Rakesh Tiwari forced the electrons to say:
> I just wanted to know that if Linux was primarily a tcp/ip bvased
> network.
Linux is, as others have pointed out, an Operating System. And yes, it
supports computer networking, with support for TCP/IP.
> so suppose that there is a network with only linux machines then the
> communicating protocol is tcp/ip.
Yes. Usually.
> I ask this question cause one guy of NT fited at me as NT can run its
> network in many protocols .
Well, I don't see the crib here. At one time, NT will be running only one
protocol. If one NT machine is talking TCP/IP and another is talking netbeui,
then they still will not be able to communicate.
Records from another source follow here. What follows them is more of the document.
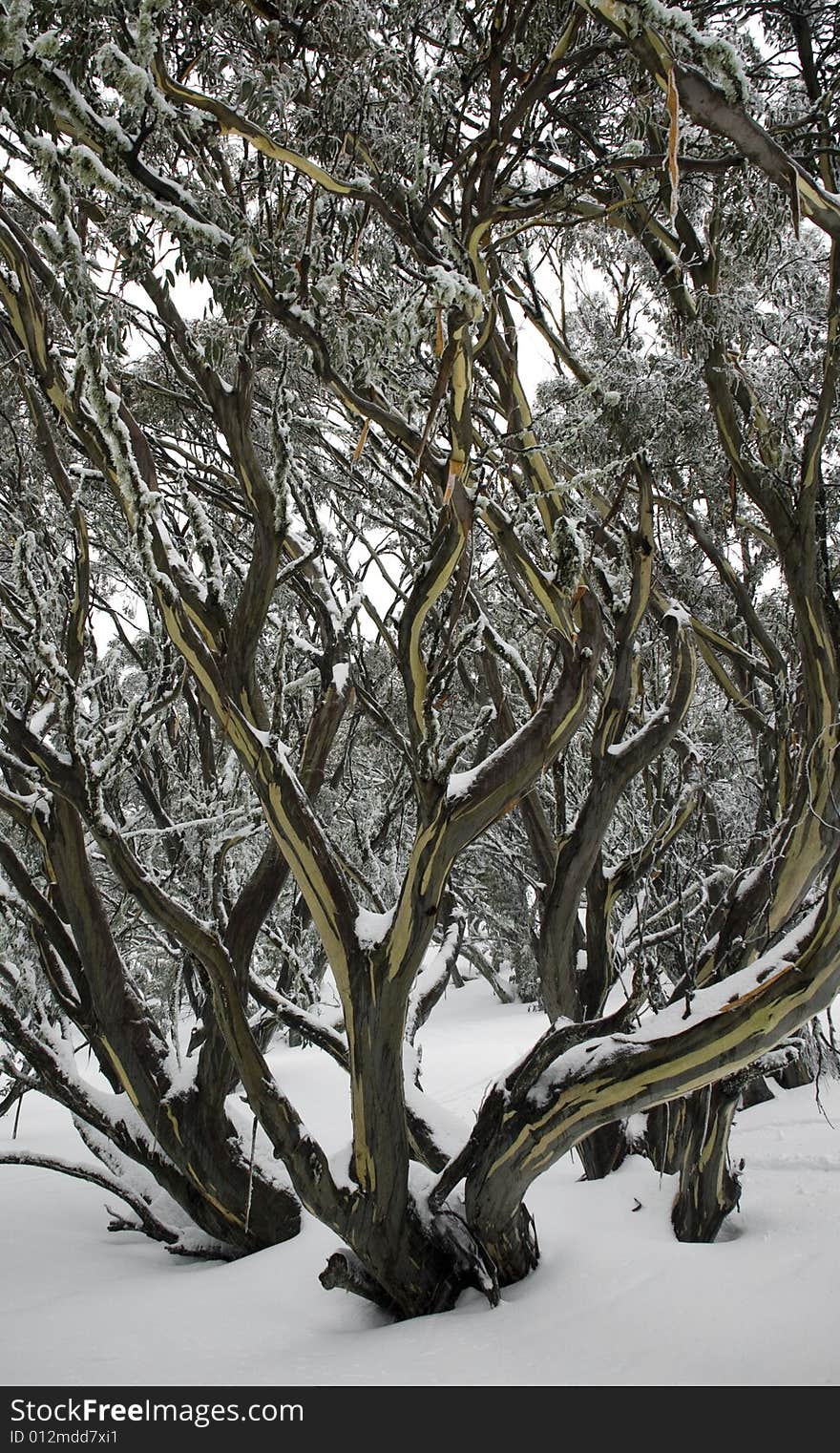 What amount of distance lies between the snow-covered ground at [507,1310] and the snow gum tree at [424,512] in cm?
22

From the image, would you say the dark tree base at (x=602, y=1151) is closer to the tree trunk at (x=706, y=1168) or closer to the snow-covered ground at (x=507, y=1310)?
the snow-covered ground at (x=507, y=1310)

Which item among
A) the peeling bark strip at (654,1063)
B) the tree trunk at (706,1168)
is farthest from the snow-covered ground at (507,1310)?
the peeling bark strip at (654,1063)

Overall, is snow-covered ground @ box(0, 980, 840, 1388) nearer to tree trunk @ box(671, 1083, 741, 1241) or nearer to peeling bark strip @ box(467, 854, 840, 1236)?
tree trunk @ box(671, 1083, 741, 1241)

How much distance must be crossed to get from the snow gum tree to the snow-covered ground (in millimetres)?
220

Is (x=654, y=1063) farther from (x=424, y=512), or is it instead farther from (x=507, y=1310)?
(x=424, y=512)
> If Linux can also do it then please let me know.
> I am waiting to "Bash#$" hime up.
Even though linux networks run in TCP/IP, it can understand other networking
protocols as well. TCP/IP is the leader among all these because it is simply
put, the most reliable networking protocol, and the one with maximum
functionality. IIRC, netbeui (I hope I got the spelling correct) can only
broadcast, there is no connection-orientedness in it, and it floods LANs with
unwanted packets (many people I know disable it from their Windows PCs and use
TCP/IP all the time - even for Linuxless Windows networking LANs).
Binand
--
The prompt for all occasions:
export PS1="F:\$(pwd | tr '/[a-z]' '\134\134[A-Z]')> "
--------------- Binand Raj S. ([EMAIL PROTECTED])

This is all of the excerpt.